Every line that includes the word "Premium" needs to be copied from the listing.

----------------------------------------

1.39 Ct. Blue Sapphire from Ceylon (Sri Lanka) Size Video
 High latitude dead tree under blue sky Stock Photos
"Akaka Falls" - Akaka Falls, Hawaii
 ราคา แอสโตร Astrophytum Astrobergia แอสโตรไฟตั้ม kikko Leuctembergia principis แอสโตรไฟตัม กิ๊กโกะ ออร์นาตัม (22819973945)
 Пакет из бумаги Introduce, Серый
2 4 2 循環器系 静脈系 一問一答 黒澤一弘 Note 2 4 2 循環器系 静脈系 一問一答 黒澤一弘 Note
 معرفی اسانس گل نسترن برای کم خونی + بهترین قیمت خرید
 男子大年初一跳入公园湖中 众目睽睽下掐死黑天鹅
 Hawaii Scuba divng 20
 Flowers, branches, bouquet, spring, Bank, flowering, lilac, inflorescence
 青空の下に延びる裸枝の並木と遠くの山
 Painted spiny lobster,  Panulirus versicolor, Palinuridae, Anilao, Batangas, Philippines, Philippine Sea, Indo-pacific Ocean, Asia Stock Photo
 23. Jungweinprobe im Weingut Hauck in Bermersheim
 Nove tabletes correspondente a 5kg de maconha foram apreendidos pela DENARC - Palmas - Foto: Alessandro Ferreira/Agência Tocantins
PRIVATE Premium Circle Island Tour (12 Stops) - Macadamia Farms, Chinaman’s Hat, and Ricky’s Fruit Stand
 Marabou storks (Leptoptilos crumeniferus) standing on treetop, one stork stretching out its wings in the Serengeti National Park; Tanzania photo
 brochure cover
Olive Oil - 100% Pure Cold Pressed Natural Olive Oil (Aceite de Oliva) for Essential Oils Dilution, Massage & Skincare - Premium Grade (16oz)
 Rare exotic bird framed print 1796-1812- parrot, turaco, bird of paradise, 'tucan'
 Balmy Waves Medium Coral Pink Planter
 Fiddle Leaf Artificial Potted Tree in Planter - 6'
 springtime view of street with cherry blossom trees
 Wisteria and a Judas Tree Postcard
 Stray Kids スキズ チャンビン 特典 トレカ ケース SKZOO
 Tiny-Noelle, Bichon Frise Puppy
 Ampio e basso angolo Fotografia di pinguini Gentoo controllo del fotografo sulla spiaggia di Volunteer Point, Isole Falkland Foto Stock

----------------------------------------

- _OUTPUT OF THE TASK_
PRIVATE Premium Circle Island Tour (12 Stops) - Macadamia Farms, Chinaman’s Hat, and Ricky’s Fruit Stand
Olive Oil - 100% Pure Cold Pressed Natural Olive Oil (Aceite de Oliva) for Essential Oils Dilution, Massage & Skincare - Premium Grade (16oz)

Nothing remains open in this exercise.